Question 1: Will China economic growth drastically drop because of a US recession and a European slow down?
Both speakers’ conclusion is negative. China will slow down a little but will remain a very strong economy even in the case of a deep and long recession in the US.
Prof Wang Jianmao presented several scenarios. Even the worse of all (deep and long recession in the US, trade war between China and the West) led to a GDP growth of at least 6% and the evolution of China as a strong regional economy. This would be much lower than the 2007 growth rate of 11.4%%, but still comfortable to sustain the development of the country.

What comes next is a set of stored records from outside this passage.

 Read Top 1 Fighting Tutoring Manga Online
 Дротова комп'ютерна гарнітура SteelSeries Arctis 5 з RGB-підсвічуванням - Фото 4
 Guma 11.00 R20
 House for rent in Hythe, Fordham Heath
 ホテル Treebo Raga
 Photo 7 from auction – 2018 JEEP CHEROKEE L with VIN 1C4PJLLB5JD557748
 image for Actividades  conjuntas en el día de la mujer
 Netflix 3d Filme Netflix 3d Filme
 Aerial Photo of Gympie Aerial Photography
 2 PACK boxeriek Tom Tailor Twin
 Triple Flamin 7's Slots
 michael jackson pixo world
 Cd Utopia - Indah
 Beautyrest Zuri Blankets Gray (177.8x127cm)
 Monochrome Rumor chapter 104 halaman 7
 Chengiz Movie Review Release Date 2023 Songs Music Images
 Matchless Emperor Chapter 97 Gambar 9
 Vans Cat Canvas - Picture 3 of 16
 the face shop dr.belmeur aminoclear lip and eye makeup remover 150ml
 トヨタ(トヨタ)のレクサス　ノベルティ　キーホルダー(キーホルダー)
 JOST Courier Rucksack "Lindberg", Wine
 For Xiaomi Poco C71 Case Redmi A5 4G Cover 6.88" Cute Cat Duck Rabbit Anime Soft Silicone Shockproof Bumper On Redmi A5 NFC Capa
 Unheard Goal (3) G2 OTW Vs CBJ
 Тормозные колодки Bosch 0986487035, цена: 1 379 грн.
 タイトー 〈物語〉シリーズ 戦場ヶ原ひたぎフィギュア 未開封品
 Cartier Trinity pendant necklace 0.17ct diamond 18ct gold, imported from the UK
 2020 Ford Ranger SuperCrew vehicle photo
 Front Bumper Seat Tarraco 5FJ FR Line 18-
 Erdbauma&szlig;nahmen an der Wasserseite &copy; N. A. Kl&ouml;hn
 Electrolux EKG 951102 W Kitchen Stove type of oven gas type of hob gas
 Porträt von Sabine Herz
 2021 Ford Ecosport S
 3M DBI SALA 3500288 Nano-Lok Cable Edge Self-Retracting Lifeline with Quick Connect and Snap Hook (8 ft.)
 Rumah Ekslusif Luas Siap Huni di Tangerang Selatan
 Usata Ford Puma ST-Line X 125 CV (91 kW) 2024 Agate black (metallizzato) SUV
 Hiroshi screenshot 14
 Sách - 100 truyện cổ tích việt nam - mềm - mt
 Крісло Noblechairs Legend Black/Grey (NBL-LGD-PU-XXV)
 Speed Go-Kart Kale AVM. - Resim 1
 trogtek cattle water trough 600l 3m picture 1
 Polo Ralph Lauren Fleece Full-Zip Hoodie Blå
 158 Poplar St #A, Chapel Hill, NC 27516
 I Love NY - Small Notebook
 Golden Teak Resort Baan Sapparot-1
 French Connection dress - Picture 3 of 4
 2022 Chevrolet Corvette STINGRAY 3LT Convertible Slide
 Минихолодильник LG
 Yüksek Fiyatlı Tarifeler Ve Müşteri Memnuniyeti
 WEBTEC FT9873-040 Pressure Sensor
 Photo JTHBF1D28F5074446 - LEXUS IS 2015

Andy Rothman presented a scenario where the Chinese GDP growth would slow down by about 1% from his current estimation of the 2007 GDP growth of 9-10% down to 8-9% in 2008.
The main fact is that the contribution to GDP growth from net export is increasingly low – in 2007, it dropped from 25% down to 4% between the first quarter and the last quarter of 2007. In addition, China’s domestic economic growth is fueled by very strong factors:
- GDP per capita is still 5 times lower then the one of Japan or Korea when their growth slowed down.
- Growth in China central and western provinces is at least 4% higher than in the coastal provinces, which shows that economic development spreads out.
- Population aging is not as much a problem as normally suggested: in practice there is 1.5 child per family and the revenues generated by the single person (and supporting 2 parents) is already 8 times larger than what it was in the 1980s.
From a Western buyer’s point of view, this is doubtlessly good news. There is a low risk of seeing a wave of suppliers facing very difficult market conditions and ending in tough financial situation and possibly bankruptcy. The current pace of development of the good suppliers you are working with has no reason to change.
Question 2: What will happen to export from China when US comes in recession and Europe slows down?
Andy Rothman is convinced that the export from China will be much less impacted than export from other low cost countries. He bases his opinion on the following facts:
- China export mix is already adjusting. In 2007, the US was replaced by Europe as the biggest destination of export. In addition, Latin America, Middle East and Africa (resource rich and booming economies) have already replaced Japan as the third destination. Slow down in US import will be replaced by those from growing economies.
- China is the manufacturing source of last resort. When the Asia crisis hit in 2001, China exports continued to grow, while all other countries (including Japan) saw 10%+ export drops. In 2007, import growth into the US has already dropped by 50%, but at the same time import from China has only dropped by 30%. In contrast, import growth from Mexico has dropped by more than 50%.
- Inflation in China is real but not as large as suggested and only partially exported. The current inflation is totally food price driven: CPI was up 7% in January, but non-food CPI was up only 1.5%. This is a spike due to a drop of meat supply. Andy Rothman expects the supply to come back to normal by mid year. In addition, in a large survey, 80% of Chinese exporters indicated that they wanted to increase prices, but only by around 5%.
From a Western buyer’s point of view, this is also reassuring. For European and Latin America, Middle East, Africa, it is also very good to ear that many other buyer follow the same trend as you and that China is gearing to serve you.